* _STORED DATA_
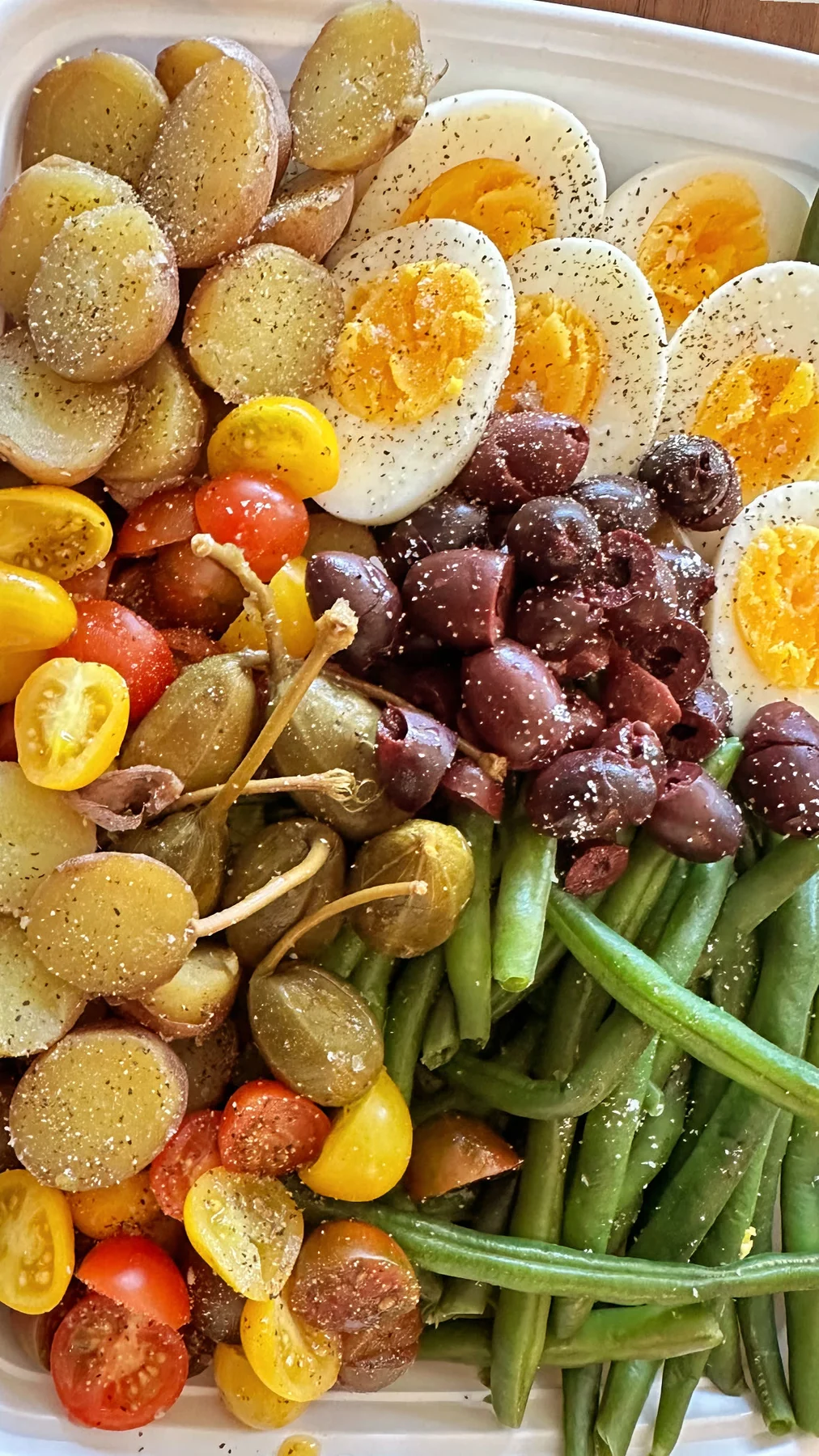 A Niçoise-style platter with halved eggs, green beans, potatoes, tomatoes, olives, and sliced vegetables
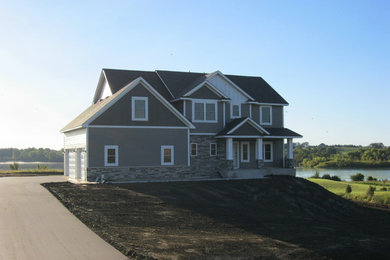 Example of an arts and crafts exterior home design in Minneapolis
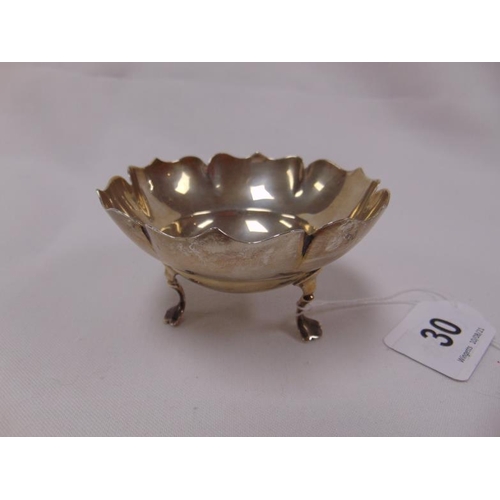 30 - Mappin & Webb circular silver bowl with shaped rim, on three pad feet, London 1907, 3.75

* _PROBLEM REQUIREMENTS_
When you retype the material above, keep every word exact and drop the images.

* _EXERCISE OUTPUT_
 A Niçoise-style platter with halved eggs, green beans, potatoes, tomatoes, olives, and sliced vegetables
 Example of an arts and crafts exterior home design in Minneapolis
 30 - Mappin & Webb circular silver bowl with shaped rim, on three pad feet, London 1907, 3.75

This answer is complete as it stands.